Can a mother move a child away from the father without his permission?

Parental Relocation

Change is inevitable. Change is constant. – Benjamin Disraeli

How far can you move if you have joint custody? How does a judge decide who gets custody? What happens when a parent wants to move somewhere far away after a divorce? We frequently hear these questions from our clients in Aspen, Edwards, Carbondale and Glenwood Springs.

Parental relocation cases are highly emotional and hotly contested. Relocation cases frequently go to trial. The stakes are high. Arguably there are “winners” and “losers” in child custody relocation cases. In Colorado, there is a difference between a relocation request by a parent going through a divorce compared to years afterwards. The below lays out the framework for how a court handles parental relocation requests after a divorce has been finalized and a decree has entered.

Colorado Law on Post-Decree Relocations

Colorado law instructs trial courts to determine the allocation of parental responsibilities, including parenting time, in accordance with the best interests of the child, giving “paramount consideration to the physical, mental, and emotional conditions and needs of the child.” The allocation of parenting time is a matter within the sound discretion of the trial court, taking into consideration the child’s best interests and the policy of maintaining the child’s relationship with both parents. In determining the best interests of the child, the court must consider all relevant statutory factors.
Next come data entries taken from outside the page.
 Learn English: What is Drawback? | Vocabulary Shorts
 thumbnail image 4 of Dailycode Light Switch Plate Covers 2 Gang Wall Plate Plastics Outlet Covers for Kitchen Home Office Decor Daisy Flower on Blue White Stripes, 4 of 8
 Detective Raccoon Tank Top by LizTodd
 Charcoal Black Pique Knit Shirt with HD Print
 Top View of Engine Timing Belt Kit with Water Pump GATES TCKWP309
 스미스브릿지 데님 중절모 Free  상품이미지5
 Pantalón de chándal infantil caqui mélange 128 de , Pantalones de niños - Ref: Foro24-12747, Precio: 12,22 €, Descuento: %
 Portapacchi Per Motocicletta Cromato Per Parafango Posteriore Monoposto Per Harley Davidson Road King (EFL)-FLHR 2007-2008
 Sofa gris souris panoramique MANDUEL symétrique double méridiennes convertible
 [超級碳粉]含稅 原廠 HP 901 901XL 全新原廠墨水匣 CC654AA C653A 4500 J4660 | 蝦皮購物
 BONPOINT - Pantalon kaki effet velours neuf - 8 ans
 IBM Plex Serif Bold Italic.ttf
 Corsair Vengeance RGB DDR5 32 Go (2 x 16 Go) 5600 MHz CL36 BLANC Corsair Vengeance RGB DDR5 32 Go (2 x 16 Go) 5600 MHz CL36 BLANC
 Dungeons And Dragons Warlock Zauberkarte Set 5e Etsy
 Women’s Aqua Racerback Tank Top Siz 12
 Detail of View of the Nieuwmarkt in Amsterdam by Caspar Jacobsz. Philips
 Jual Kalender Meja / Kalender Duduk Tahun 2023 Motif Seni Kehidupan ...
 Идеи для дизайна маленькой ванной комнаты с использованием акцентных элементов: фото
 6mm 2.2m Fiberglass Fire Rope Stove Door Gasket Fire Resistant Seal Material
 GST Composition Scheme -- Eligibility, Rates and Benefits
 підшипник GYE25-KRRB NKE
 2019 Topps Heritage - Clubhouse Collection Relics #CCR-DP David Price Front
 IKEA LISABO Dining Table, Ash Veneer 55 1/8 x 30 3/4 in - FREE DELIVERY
There are additional considerations for the court when analyzing a post-decree parental relocation. First, a reduction in parenting time resulting from the other parent’s relocation with the child is not to be construed as a restriction requiring the court to apply the “endangerment standard” set forth in subsection (1)(b). In re DeZalia, 151 P.3d 647 (Colo. App. 2006). Second, a court must accept the location in which each party intends to live. In re Marriage of Morgan, 2018 COA 116M, ¶15. A court may not effectively coerce a parent into abandoning his or her plans to relocate by allocating all parenting time in Colorado. Third, in addition to the statutory factors under C.R.S. 14-10-124, a court must also consider the nine factors listed under C.R.S. 14-10-129. In re Marriage of Ciesluk, 113 P.3d 135, 140 (Colo. 2005). The court’s analysis in Ciesluk is instructive for post-decree relocation cases.

In re Marriage of Ciesluk

In Ciesluk, the court stated, “[W]e hold that both parents’ constitutional interests, as well as the best interests of the child, will be best protected if each parent shares equally in the burden of demonstrating how the child’s best interests will be impacted by the proposed relocation.” The court in Ciesluk considered and rejected alternative approaches to post-decree relocations. For example, the Colorado Supreme Court reviewed Minnesota’s approach that elevated the best interests of the child to a “compelling state interest.” In rejecting this approach, the court in Ciesluk noted that Minnesota effectively subjugated the relocating parent’s right to travel to the child’s best interest and would potentially make divorced parents captives in Colorado. The Colorado Supreme Court cited to U.S. Census Bureau data that found about 1 in 6 Americans move each year, and the “average American” makes 11.7 moves in a lifetime. Ultimately, the court in Ciesluk found that each parent shares equally the burden of demonstrating the child’s best interests will be served because it is unrealistic to assume that divorced parents will permanently remain in the same location.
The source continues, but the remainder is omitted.